Saved entries ::
• • • • •

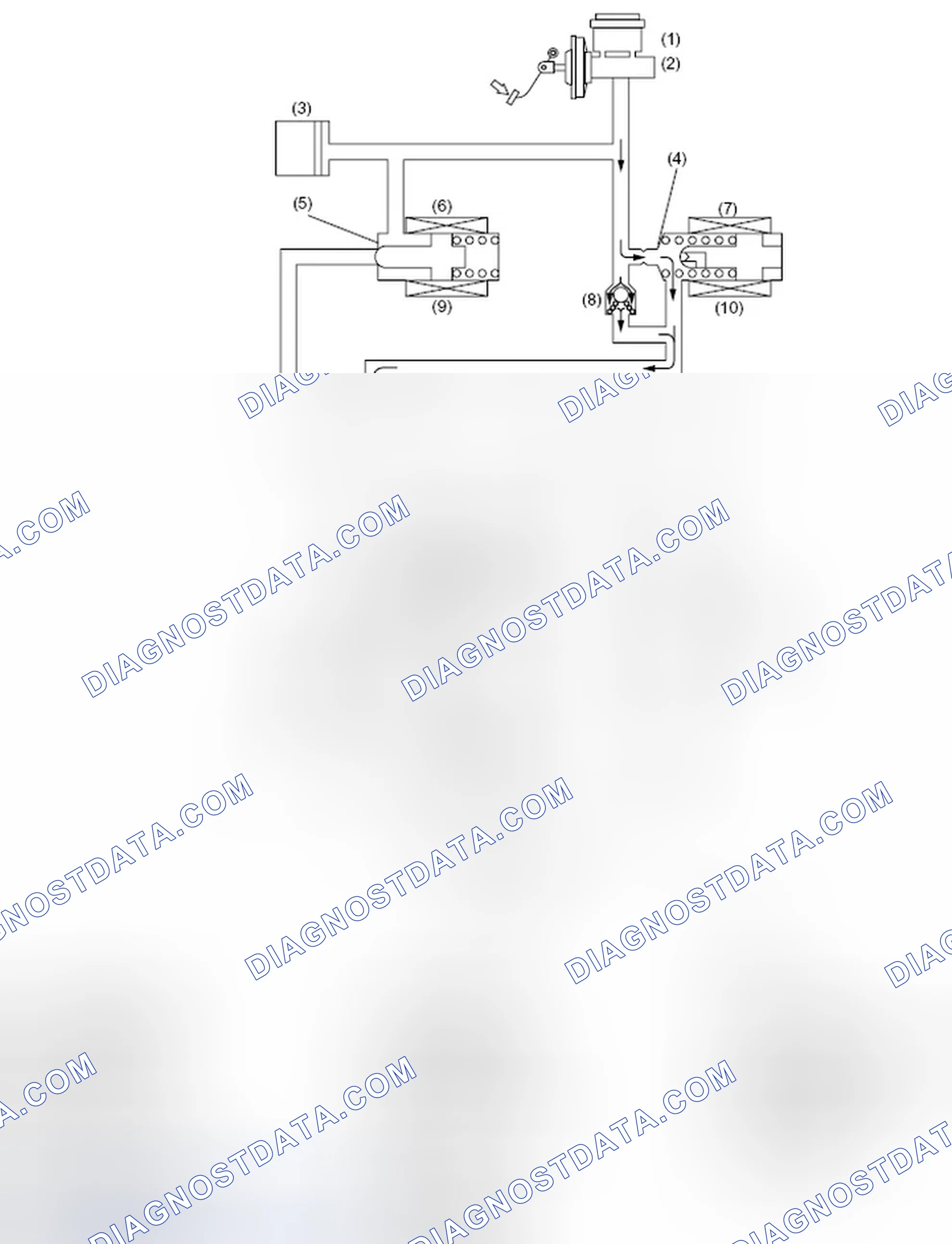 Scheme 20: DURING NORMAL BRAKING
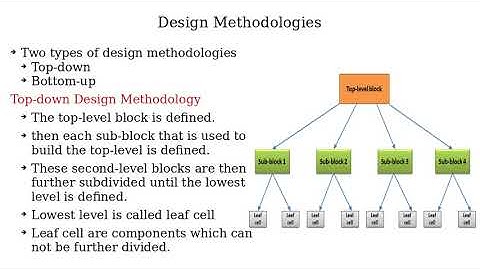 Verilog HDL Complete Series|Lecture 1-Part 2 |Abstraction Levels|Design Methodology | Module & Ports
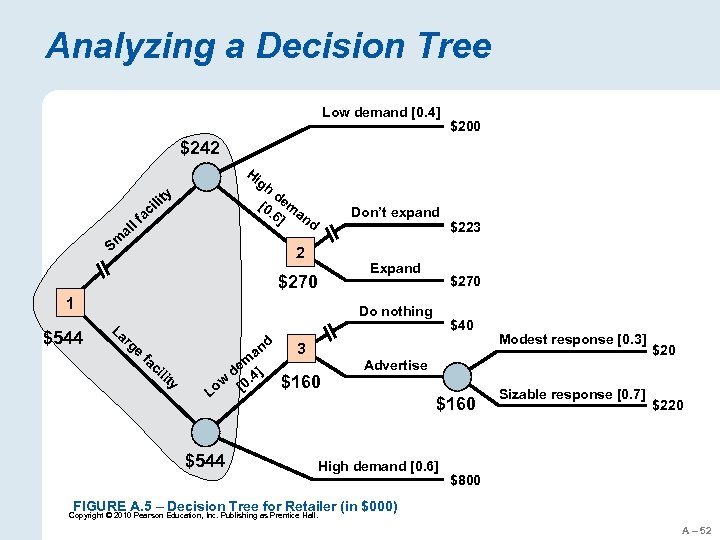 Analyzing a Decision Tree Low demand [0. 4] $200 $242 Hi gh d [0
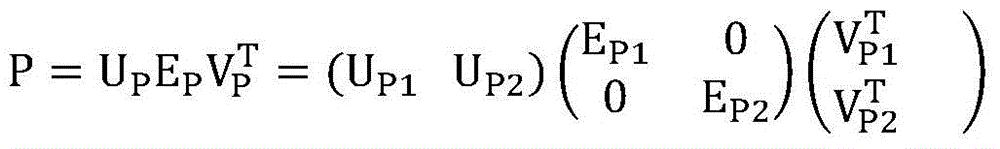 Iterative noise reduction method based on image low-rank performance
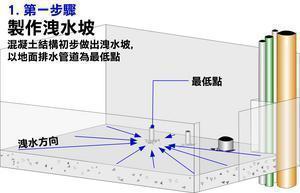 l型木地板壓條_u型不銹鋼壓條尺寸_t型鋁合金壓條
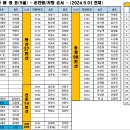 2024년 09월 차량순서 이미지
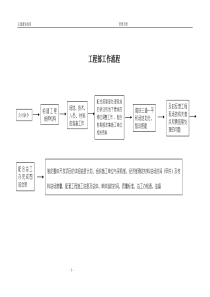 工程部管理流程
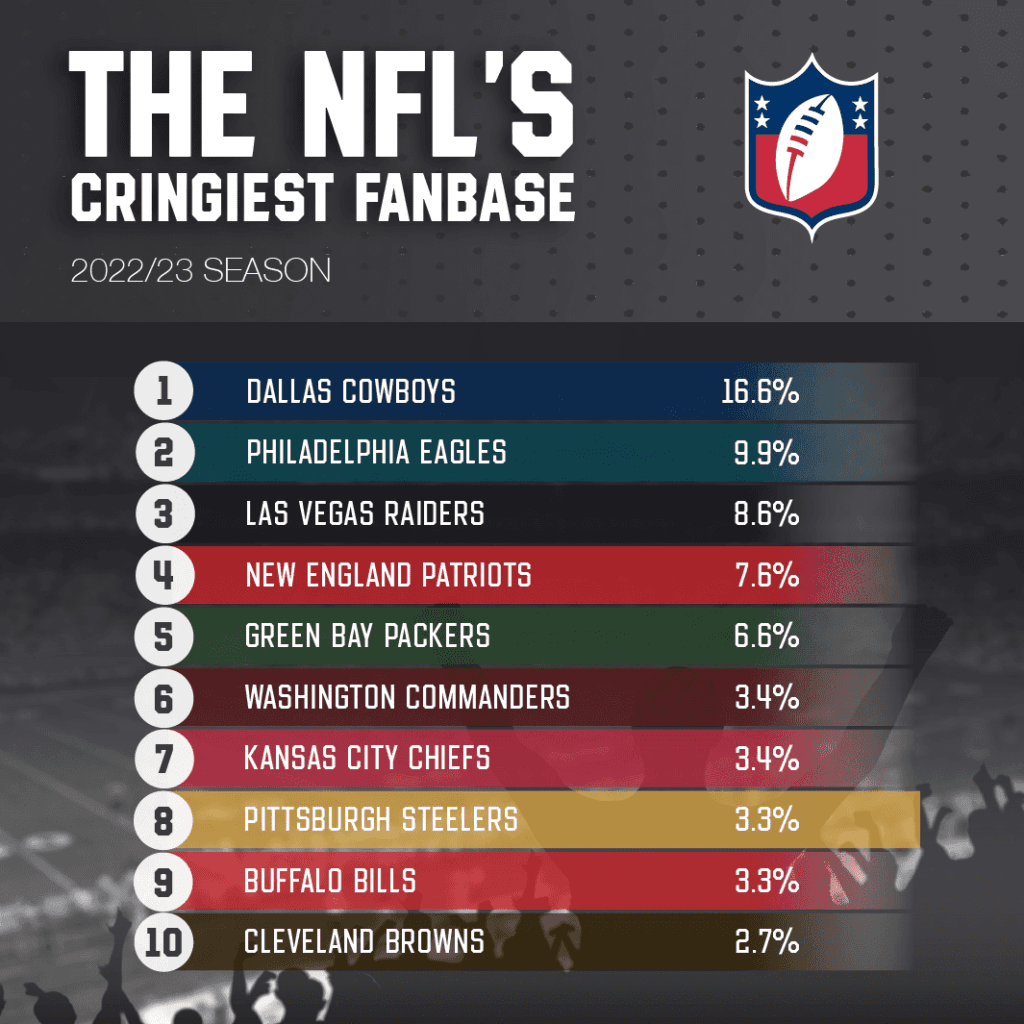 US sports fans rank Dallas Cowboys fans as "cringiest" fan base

• • • • •

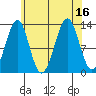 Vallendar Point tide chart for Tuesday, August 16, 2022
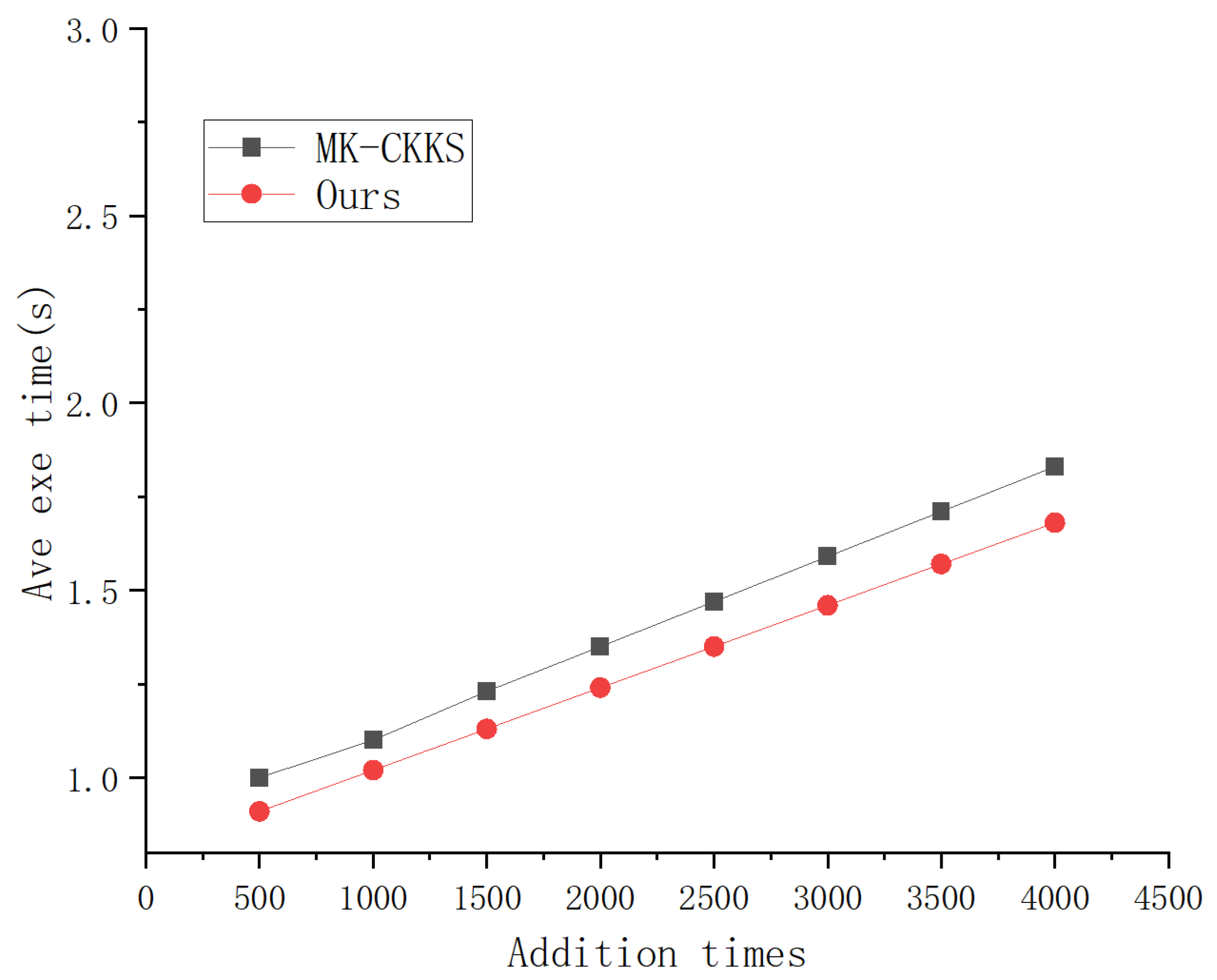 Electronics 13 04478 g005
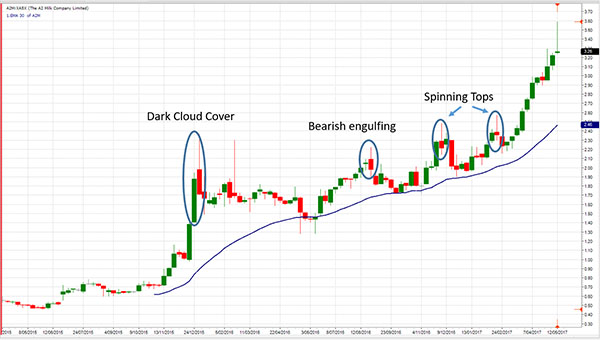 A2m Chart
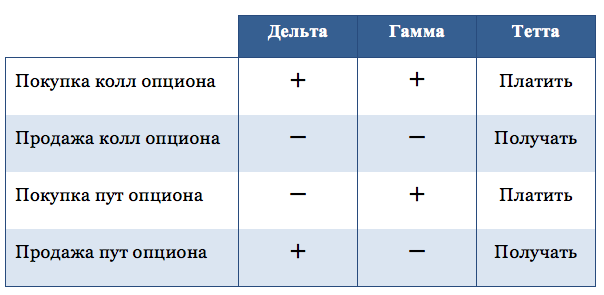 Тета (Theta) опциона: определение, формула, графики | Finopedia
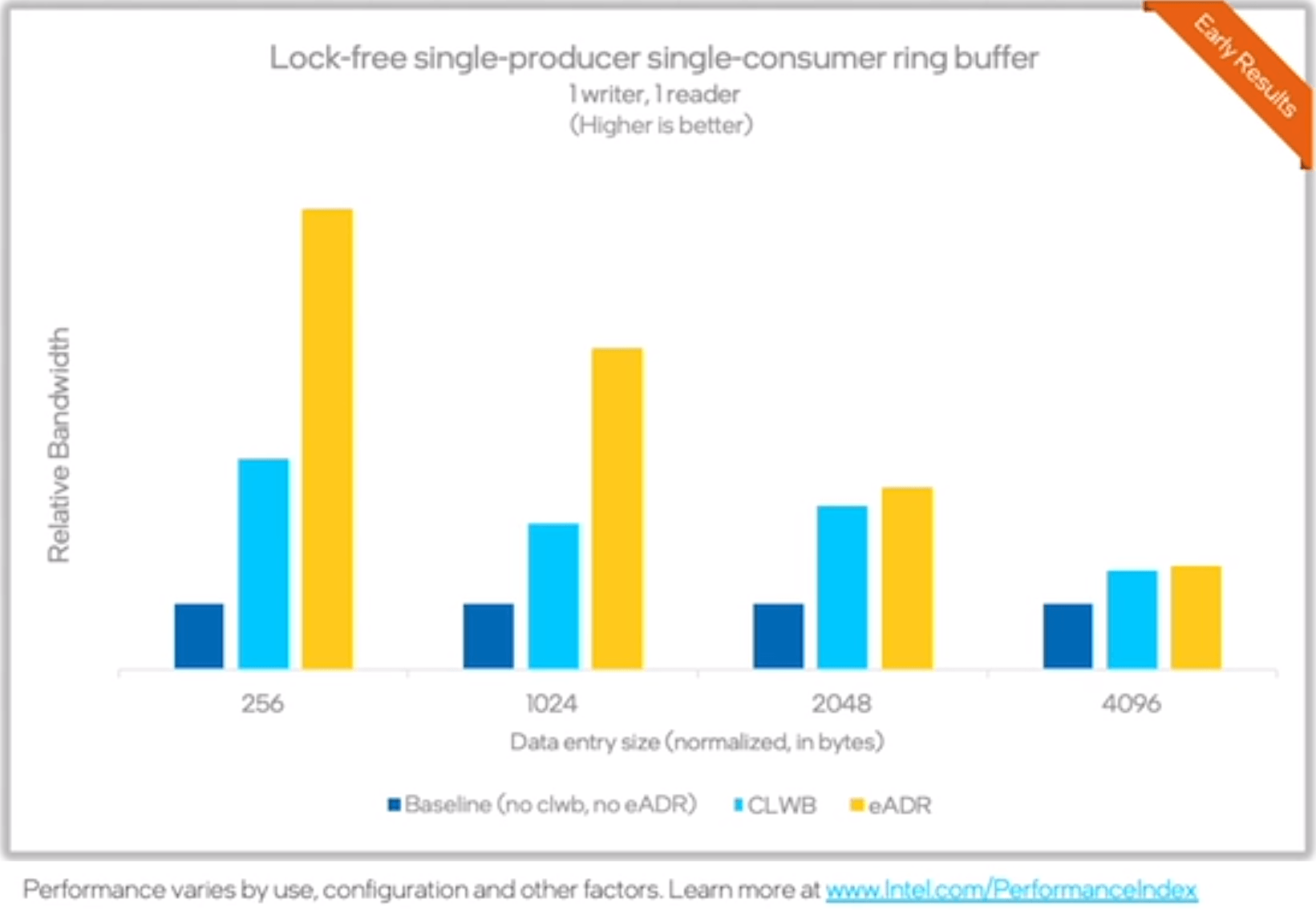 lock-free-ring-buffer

• • • • •

Your task ::
Each line between the one holding "2024년 09월 차량순서 이미지" and the one holding "US sports fans", inclusive, should be copied exactly as it appears above, and pictures should be omitted.

Written reply ::
 2024년 09월 차량순서 이미지
 工程部管理流程
 US sports fans rank Dallas Cowboys fans as "cringiest" fan base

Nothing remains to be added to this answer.